Le combat d’une mère

La Chine offre deux visages. Celui, d’abord, d’un pays ambitieux, qui depuis trente ans de réformes économiques façonne les rêves de richesses d’un peuple forcément reconnaissant. Pour peu que ces travailleurs et citoyens ne s’intéressent pas trop à la politique, ne cherchent pas à visiter les sites bloqués et que leurs enfants travaillent bien à l’école… et tout ira pour le mieux, comme l’annoncent les calicots de propagande qui fleurissent sur les grandes rues pietonnes de Pékin. La presse comme la télévison se font le relais des progrès à accomplir, tentent de relayer les besoins des populations démunies, poitent du doigt les comportements immoraux de certains potentats locaux avant d’en appeler à la sévérité d’un gouvernement central compatissant. A lui aussi de dresser chaque année le “papier blanc” des progrès acquis en matière des droits de l’homme… n’en déplaisent à tout ces médias étrangers qui ont cette fâcheuse tendance à ne dépeindre que le côté négatif de la Chine.

C’est ainsi l’illusion d’une société libre et harmonieuse, berçant une classe moyenne laborieuse et “civilisée”. Une armée d’enfants uniques devenus employés, salariés dévoués, appréciant chaque jour une certaine forme de liberté, celle de consommer ce que bon lui semble, malgré la pression des prix immobiliers.
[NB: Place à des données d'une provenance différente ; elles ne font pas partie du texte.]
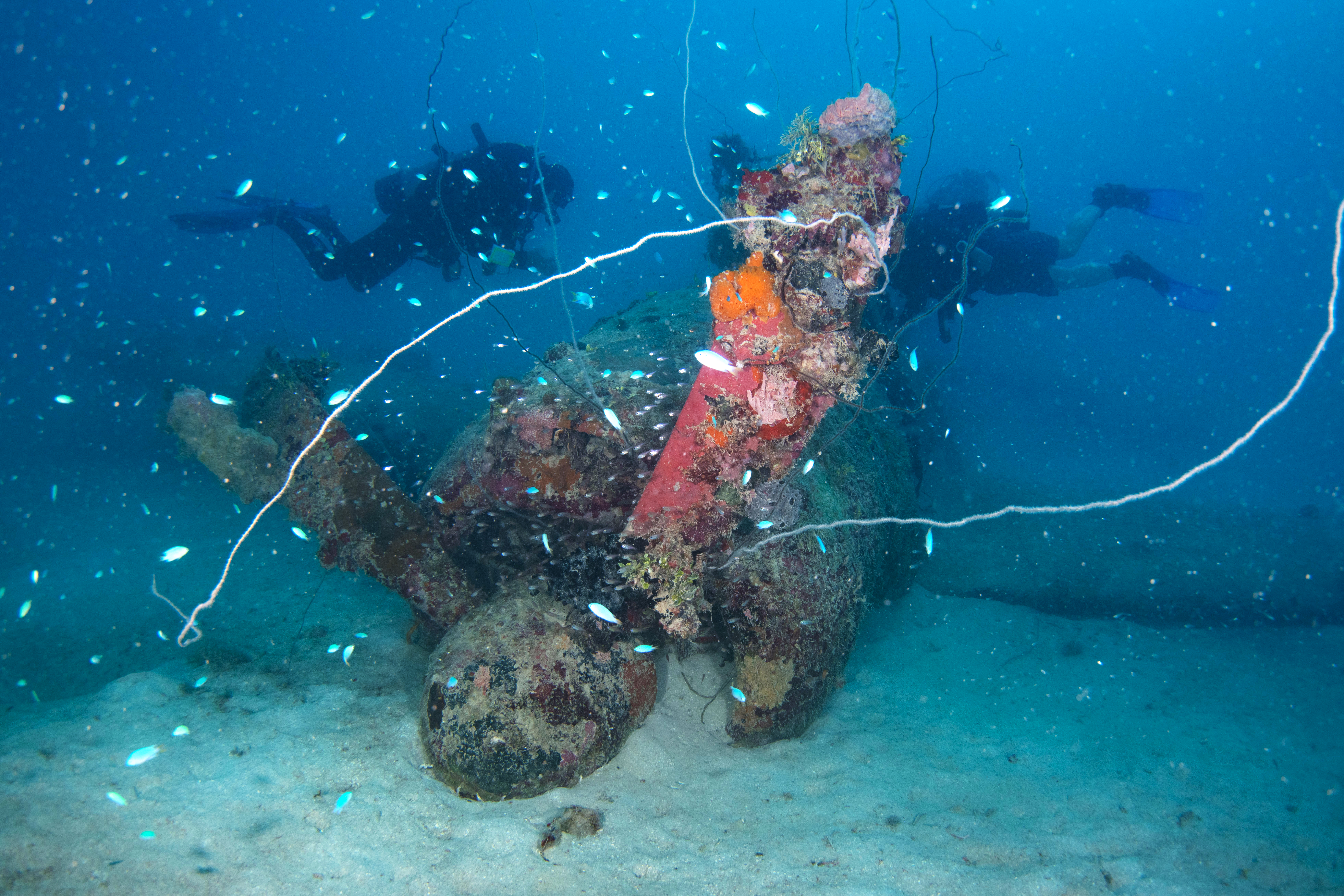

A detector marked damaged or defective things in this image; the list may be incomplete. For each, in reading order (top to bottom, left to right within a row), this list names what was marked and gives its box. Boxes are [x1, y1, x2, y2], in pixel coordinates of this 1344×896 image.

Un bonheur matériel voire même spirituel que n’ont pas connu à leurs âges, les générations précédentes, du temps de la Révolution Culturelle notamment.

Et puis à la faveur d’un incident de parcours ou d’une tragédie obscure, cette vie bercée d’espérances bascule. A jamais. On se retrouve de l’autre côté du miroir, broyé par un système, une machine étatique parfaitement hermétique s’évertuant à cacher toute vérité susceptible de la fragiliser.

Ce week-end,  j’ai fait la connaissance de Meng Zhao. Zhao est journaliste chez “China Chemical News”, une publication chinoise très spécialisée. Une vie tranquille, un métier intéressant, un bon salaire, un appartement entre le 3e et le 4e périphérique et son enfant de 20 ans, un étudiant brillant de l’université de Jiaotong à Chengdu, dans la province du Sichuan.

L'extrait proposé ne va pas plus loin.